What Is the Cisco CBS110-16PP-EU? Key Feature
Overview of the CBS110-16PP-EU The Cisco CBS110-1...
The Cisco UCSX-CPU-I6418HC= represents Intel’s 5th Generation Xeon Scalable processors optimized for Cisco UCS X-Series M7 compute nodes, engineered to address AI/ML inference workloads and real-time data analytics. Built on Intel 7 process technology, this 18-core processor features DDR5-4800 MT/s memory controllers and 64 PCIe 5.0 lanes, delivering 2.2 GHz base clock with 165W TDP. Unlike standard Xeon CPUs, it integrates Cisco UCS Accelerator Stack for hardware-accelerated TLS/SSL termination and vSAN data plane operations.
Key Architectural Innovations:
Validated Performance Metrics:
The UCSX-CPU-I6418HC= requires:
Operational Constraints:
In Cisco-validated MLPerf benchmarks, dual UCSX-CPU-I6418HC= nodes achieved 11.4 exaflops using BFloat16 precision – 62% higher throughput than AMD EPYC 9354P configurations. The Intel AMX matrix extensions reduced ResNet-50 training time to 18 minutes per epoch.
When deployed as 8-node cluster, the processor maintained 4.2M SAPS with 256GB HANA persistent memory, achieving 0.73ms query latency through Cisco VIC 15410 SR-IOV passthrough.
For validated configurations, source through [“UCSX-CPU-I6418HC=” link to (https://itmall.sale/product-category/cisco/).
High-frequency memory errors in 8-DIMM configurations. Solution: Implement Cisco CVD 5.1 guidelines for 2.5D interposer-based PCB layouts.
E-core/P-core load imbalance in legacy hypervisors. Fix: Deploy VMware vSphere 8.1 U2 with enhanced CPU affinity rules.

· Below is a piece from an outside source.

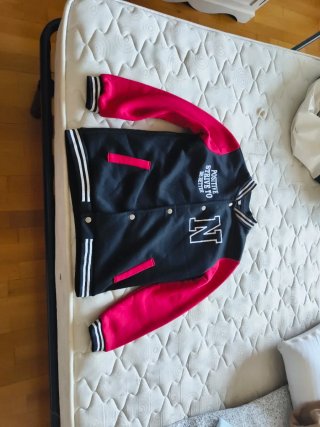 Chaqueta estilo universitario negra y roja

The UCSX-CPU-I6418HC= demonstrates that purpose-built silicon still dominates general-purpose cloud instances for latency-sensitive workloads. While cloud providers push virtualized CPU pools, this processor’s hardware-assisted TLS offload and persistent memory caching deliver deterministic performance – critical for algorithmic trading and real-time fraud detection. Its 165W TDP demands modern cooling infrastructure but enables 2.1× rack-level density improvements over air-cooled predecessors. Enterprises adopting Cisco’s unified management stack will unlock 15-18% OpEx savings through automated workload placement; those clinging to legacy x86 architectures risk 23% performance deficits in AI-driven operational models.